## Assignment:
Everything from the line containing "Седан Ford Fiesta 2015 в" to the end of the material, both ends included, should be repeated exactly; please give only those lines.

# # #

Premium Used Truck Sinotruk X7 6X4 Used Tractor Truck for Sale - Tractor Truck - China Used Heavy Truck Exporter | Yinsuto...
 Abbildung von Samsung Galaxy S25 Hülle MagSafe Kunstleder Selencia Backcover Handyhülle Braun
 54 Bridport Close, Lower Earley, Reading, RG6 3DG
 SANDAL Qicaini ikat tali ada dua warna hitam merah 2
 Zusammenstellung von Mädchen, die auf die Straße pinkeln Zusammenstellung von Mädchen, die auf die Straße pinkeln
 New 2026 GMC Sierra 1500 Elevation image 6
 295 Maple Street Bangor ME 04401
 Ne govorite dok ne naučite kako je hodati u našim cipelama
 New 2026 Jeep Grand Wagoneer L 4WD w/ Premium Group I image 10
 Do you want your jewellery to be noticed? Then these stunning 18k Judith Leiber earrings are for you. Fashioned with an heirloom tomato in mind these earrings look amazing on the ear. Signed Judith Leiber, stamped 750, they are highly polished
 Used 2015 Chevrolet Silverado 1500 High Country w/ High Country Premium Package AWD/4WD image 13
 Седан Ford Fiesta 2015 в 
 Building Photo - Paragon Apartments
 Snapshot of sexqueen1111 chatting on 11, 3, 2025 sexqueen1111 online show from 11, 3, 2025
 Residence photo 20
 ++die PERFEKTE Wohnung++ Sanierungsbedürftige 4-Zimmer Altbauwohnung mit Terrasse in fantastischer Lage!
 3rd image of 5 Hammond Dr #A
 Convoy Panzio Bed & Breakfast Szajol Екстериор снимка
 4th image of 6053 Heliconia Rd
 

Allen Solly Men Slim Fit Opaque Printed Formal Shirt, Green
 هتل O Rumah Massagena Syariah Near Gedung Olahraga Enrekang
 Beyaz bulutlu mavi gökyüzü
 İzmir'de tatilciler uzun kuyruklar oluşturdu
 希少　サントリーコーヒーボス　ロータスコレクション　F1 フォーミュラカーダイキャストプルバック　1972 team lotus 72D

# # #

## Written answer:
 Седан Ford Fiesta 2015 в 
 Building Photo - Paragon Apartments
 Snapshot of sexqueen1111 chatting on 11, 3, 2025 sexqueen1111 online show from 11, 3, 2025
 Residence photo 20
 ++die PERFEKTE Wohnung++ Sanierungsbedürftige 4-Zimmer Altbauwohnung mit Terrasse in fantastischer Lage!
 3rd image of 5 Hammond Dr #A
 Convoy Panzio Bed & Breakfast Szajol Екстериор снимка
 4th image of 6053 Heliconia Rd
 

Allen Solly Men Slim Fit Opaque Printed Formal Shirt, Green
 هتل O Rumah Massagena Syariah Near Gedung Olahraga Enrekang
 Beyaz bulutlu mavi gökyüzü
 İzmir'de tatilciler uzun kuyruklar oluşturdu
 希少　サントリーコーヒーボス　ロータスコレクション　F1 フォーミュラカーダイキャストプルバック　1972 team lotus 72D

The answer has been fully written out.